Togo: le PPI accuse l’opposition ‘cinquantenaire’ d'empêcher l'alternance

Au Togo, ce n’est pas seulement le pouvoir qui serait ‘cinquantenaire’. L’opposition qui lutte contre ce pouvoir le serait tout autant. L’idée vient du Parti du peuple et d’intégrité (PPI). Et le début de l’alternance et du changement dans ce petit pays de l’Afrique de l’ouest, propose ce parti politique, dernier né de la scène politique togolaise, se trouverait dans la fin de cette opposition ‘cinquantenaire’ et surtout ‘inefficace’.

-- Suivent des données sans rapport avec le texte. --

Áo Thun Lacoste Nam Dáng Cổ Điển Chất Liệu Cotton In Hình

Cette formation politique se dresse contre l’idée selon laquelle le changement se trouve dans le départ du pouvoir seul. Pour Zato Kadambaya (photo), le représentant du PPI aux Etats-Unis, il faut une nouvelle classe politique de l’opposition qui aura comme objectif principal, l’amélioration des conditions de vies des Togolais. Et le premier remède pour l’alternance au Togo, souligne ce parti, se trouve dans la démission ‘immédiate’ et ‘inconditionnelle’ de l’actuel chef de file de l’opposition, Gilchrist Olympio.

« Nous avons une opposition qui a négocié sans succès avec le père, Gnassingbé Eyadéma, aujourd’hui, la même opposition négocie sans succès avec le fils et peut-être demain, elle va négocier avec le petit-fils. Quand un médecin prescrit un médicament et il n’y a pas d’amélioration, le médecin change le remède et non la maladie », lit-on dans une déclaration dudit parti.

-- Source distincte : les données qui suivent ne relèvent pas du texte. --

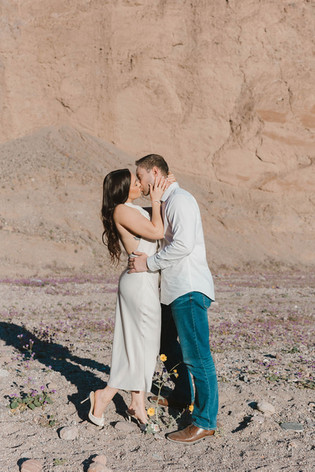 newly engaged couple kissing during their photoshoot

Selon le PPI, le Togo a désormais besoin d’une opposition ‘responsable’, prête à diriger et qui se bat pour quelque chose et non toujours contre quelque chose et pire encore contre quelqu’un.

Le parti né il y a 2 ans et qui n’a pris part ni aux élections législatives du 20 décembre 2018, ni aux élections municipales du 30 juin 2019 propose aux Togolais une nouvelle alternance et un nouveau changement basés sur une alternance des conditions de vie des Togolais pour une vie prospère.

La prospérité au Togo suppose, selon ce parti, une nouvelle forme d’allocation familiale, une nouvelle forme de sécurité sociale, un secteur agricole et industriel, une éducation du 21ème siècle, une meilleure santé pour tous, l’instauration des allocations de chômage, un nouveau SMIG, la réparation monétaire pour l’injustice économique subie par les Togolais depuis 1960.

Le PPI demande aussi la fin de la loi qui force les Togolais à demander d’être Togolais et la fin des mesures discriminatoires de recrutement dans la fonction publique.  

Créé il y a 2 ans, le PPI dit jouir d’une présence dans 13 préfectures du Togo et d’une représentation dans 3 Etats des Etats-Unis d’Amérique.